In this study, 72 adult male albino rats were divided into 9 equal
groups (G) of rats, 8 rats for each group; G1: treated with saline (control),
G2A: vehicle before CP (5 mg⁄kg, intraperitoneally, i.p.); G2B: vehicle
after CP, for detecting spontaneous recovery, died at day 5 after CP; G3,
G4, G5 received sildenafil, gemfibrozil and both 14 days before cisplatin,
respectively; G6, G7, G8 received sildenafil, gemfibrozil and both for 14
days after cisplatin, respectively. At day 17, the end of the experimental
period, Creatinine (Cr) and urea were measured. All animals were
sacrificed and kidney was taken for histopathology. Another piece of
kidney tissue was taken to measure heme oxygenase activity, reduced
glutathione, Quantitative RT-PCR for gene expression of tumor necrosis
factor alpha (TNF-α) and endothelial nitric oxide synthase (ENOS) level
in kidney tissues.
Cisplatin group (G2A) developed AKI with significantly high urea
and creatinine. Histopathological examination showed severe diffuse (80-
90%) tubular necrosis in G2A. while the best result was shown in G8
which received post-cisplatin combination therapy (< 10% tubular
necrosis) while G5 which received pre-cisplatin combination therapy
showed mild degree of tubular necrosis (10-20%). Other groups showed
moderate degree of tubular necrosis (20-40%). TNF-α was highly and
significantly elevated in G2A compared to control group and other groups
while remaining measured parameters were significantly reduced in G2A.

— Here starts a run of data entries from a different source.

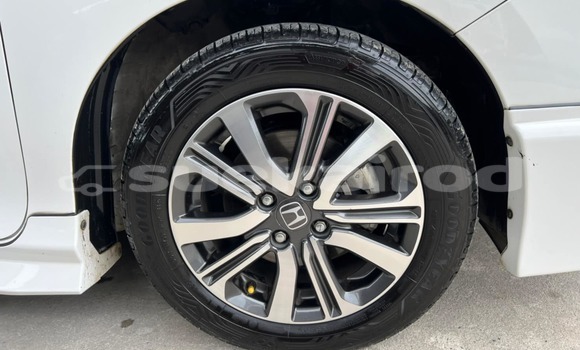 Buy Used Honda City White Car in Songkhla in Songkhla Buy Used Honda City White Car in Songkhla in Songkhla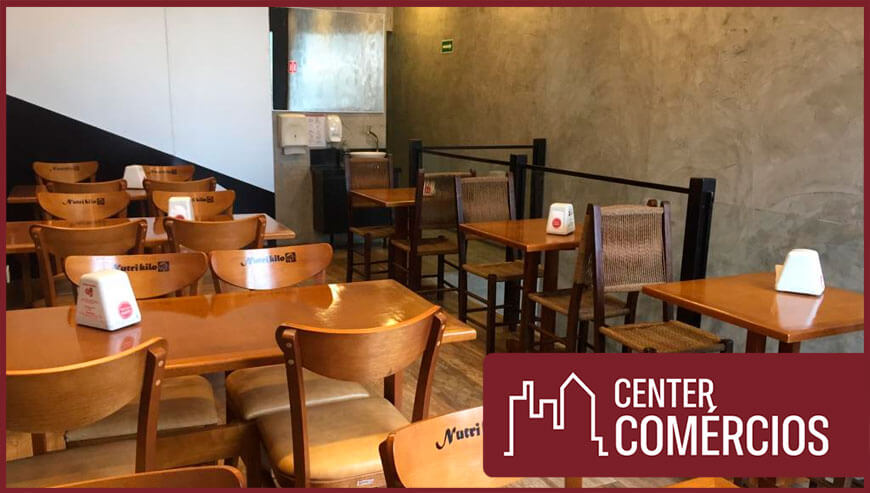 RESTAURANTE PROXIMO DE METRO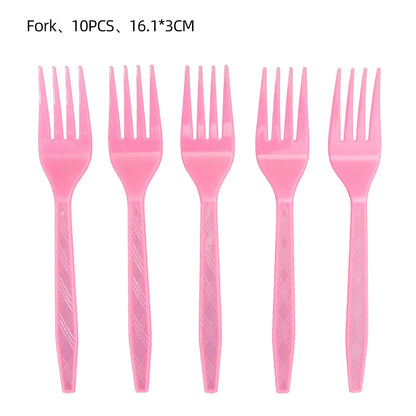 Roblox Birthday Party Decoration Balloons Disposable Tableware for Kids Party Supplies Baby Shower Sticker Bracelet Toy Gifts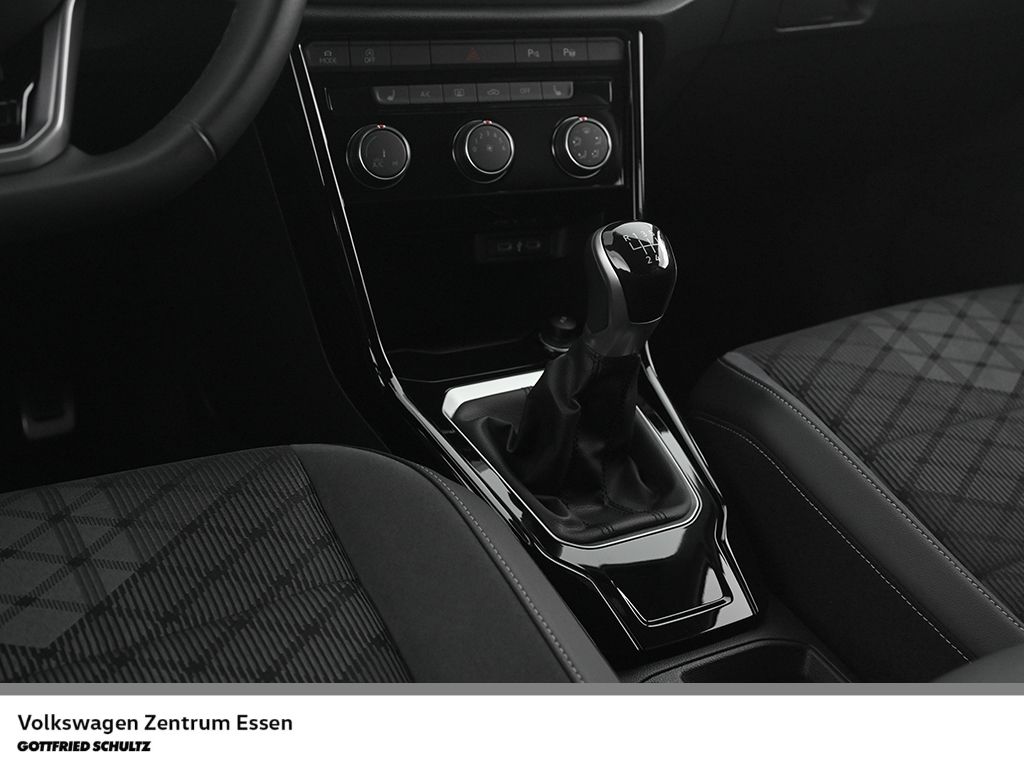 Volkswagen T-Roc - Bild 15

All tissue markers did not significantly differ between G1 and G8. There
was a significant positive correlation between Cr and TNF-α while there
were significant negative correlation between Cr and other tissue markers
in G1 and G2 and also we got same result of correlation when G2 and G8
were done. Linear regression analysis demonstrated that heme oxygenase
was the independent predictor of AKI demonstrated by elevated Cr
among G1 and G2A (P =0.002). Improved tissue heme oxygenase was
also the independent predictor of improvement of Cr among G2A and G8.
This current work adds gemfibrozil and sildenafil to the growing
list of pharmaceutical agents tested in cisplatin nephrotoxicity.